Меня встретил человек лет под пятьдесят, может быть, немного меньше, довольно большого роста, широкоплечий, с сильной проседью, по лицу – нечто вроде художника или даже отставного военного, во всяком случаес наружностью, имеющею мало типического собственно для литератора. У Гонкура несколько желтоватое, утомленное лицо с правильными чертами. Сразу видно, что он – барин, а не литературный труженик. Одет он был совершенно по-домашнему, так, как обыкновенно во Франции одеваются у себя люди работающие, то есть в короткой вязаной фуфайке, с фуляром вокруг нее, без белья и, сколько я помню, даже с шапкой на голове, тоже по типичной французской привычке. (В скобках сказать, так же почти одевается там и наш И. С. Тургенев, за исключением французской шапочки.)
Прием Гонкура – вежливый, простой, хотя несколько суховатый. Фатовства, какой-нибудь претензии не видно в том, что французы называют abord (обхождением (фр.)). Голос у него немного глуховатый, с двумя-тремя резкими нотами, без картавости. Говорит он просто, без торопливости, без своеобразной парижской скороговорки. Если бы не настоящий довольно тонкий акцент, можно было бы сказать, что так говорят многие русские, долго жившие за границею. Во всем его существе есть действительно что-то не то скучное, не то скептическое; но это только с первого взгляда. По крайней мере мне удалось после двух-трех фраз завязать с ним разговор, который показал мне, что этот предполагаемый фешенебль очень легко идет на оживленную беседу с разными подробностями, охотно рассказывает все, на что наводишь его…
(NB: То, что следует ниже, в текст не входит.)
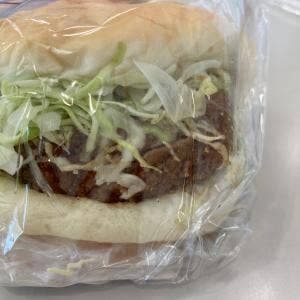昭月堂製パン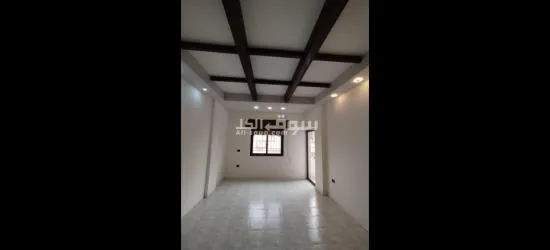 بيع شقة سكنية - 13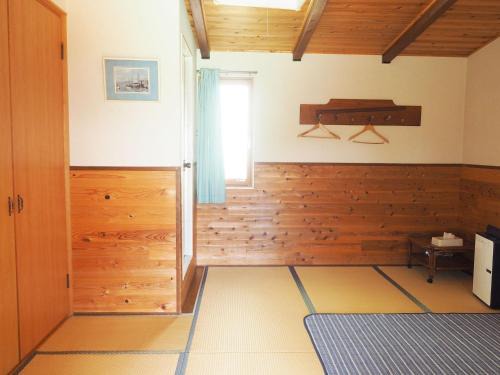 Shodoshima House | olive no sato vingh four eyes shodoshima/Vacation STAY 79069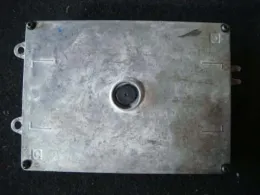 37820PR0J41 блок управления двигателем Honda
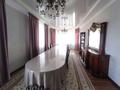 Отдельный дом • 7 комнат • 304.5 м² • 10 сот., Жастар1 за 63 млн 〒 в Талдыкоргане, мкр Жастар — фото 8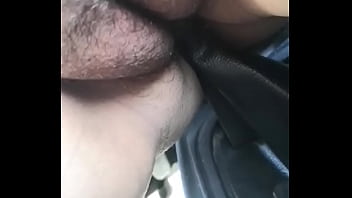 Preview 4 of Araceli Courech - Jeam sex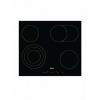 Indukčná varná doska na zabudovanie Beko HIC 64404 T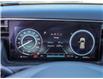 2022 Hyundai Tucson Plug-In Hybrid Ultimate (Stk: R25861A) in Brockville - Image 19 of 31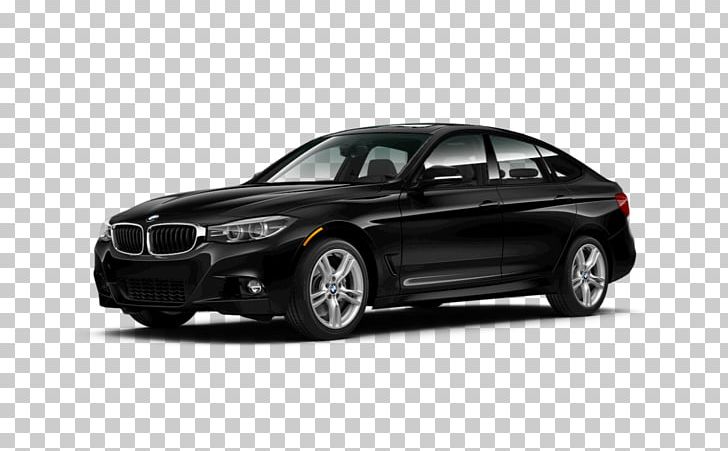 BMW 7 Series BMW 3 Series BMW 2 Series Car PNG, Clipart, Automotive Design, Automotive Exterior, Automotive Tire, Bmw 5 Series, Bmw 7 Series Free PNG Download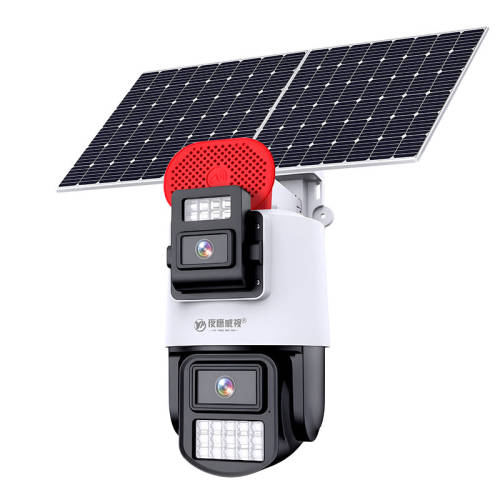 15��ȫ��ѭ��¼�� ��4G �ڹ���ȫ��AOV��|��99��������24Сʱ�����¼��+����ͷ+AI��� ���(��ؾ���3-8��) 1080p 4G������̫����AOV���ڹ���ȫ��ҹ�����߼������ͷ�ֻ�Զ�̷�ˮ 335.1Ԫ(������)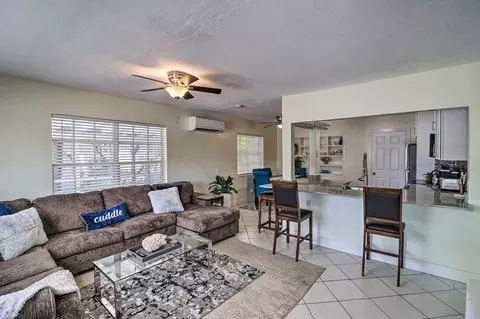 2623 Flagler Ave #1307035P, Key West, FL 33040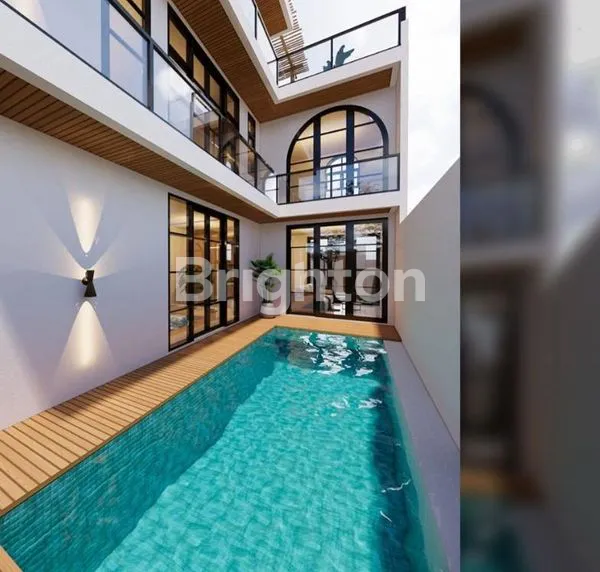 image VILLA EKSKLUSIF 2BR DI MUMBUL NUSA DUA (1)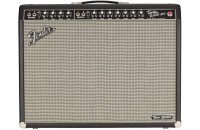 Комбопідсилювачі Fender Tone Master Twin Reverb
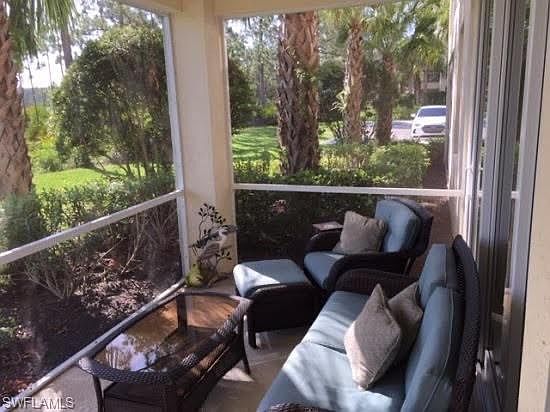 3rd image of 10740 Palazzo Way APT 105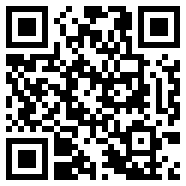 名医汇app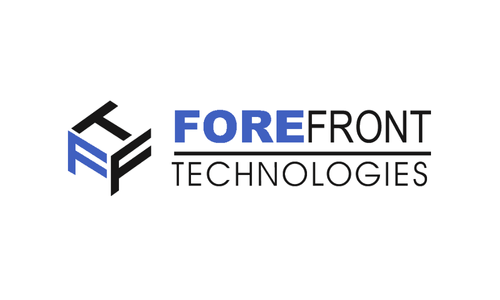 Forefront Technologies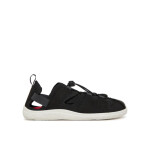Sandály Reima Barefoot Valoa Jr 5400157B-9990 35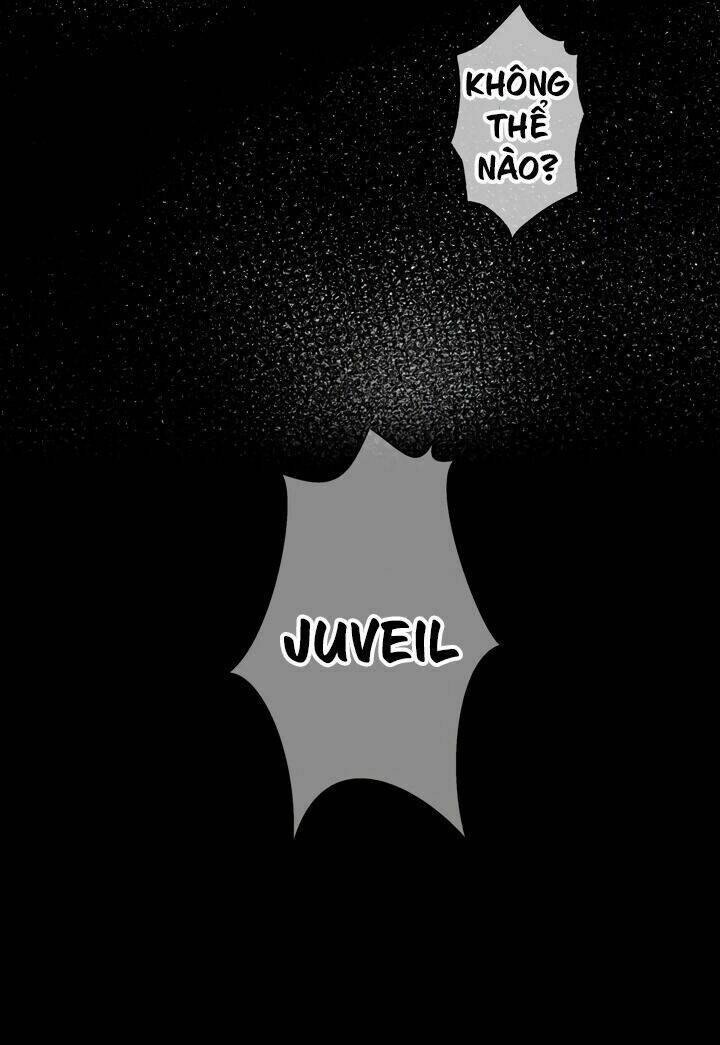 Cha Ơi Con Không Muốn Kết Hôn Đâu Chapter 4 - Trang 2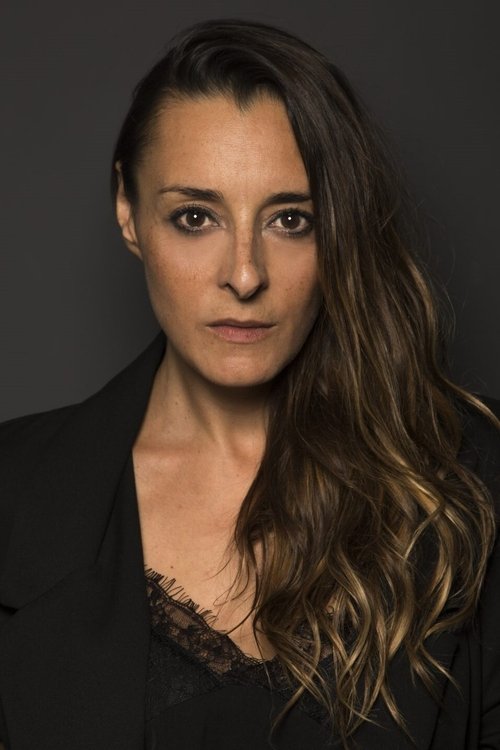Raquel Guerrero profile picture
Он уже знал, что я беседовал с русской публикой об его романах, был также предупрежден и насчет деловой цели моего визита. Эту часть разговора мы вели без всяких околичностей. Гонкур, действительно, приступил к новому беллетристическому произведению; но не мог еще даже приблизительно сказать, когда он его окончит. Такие люди, как этот художник-романист, пишут не по нужде, а для своего удовольствия. Очень может быть, что он проработает над новым романом два-три года. К замыслу романа мы еще вернемся.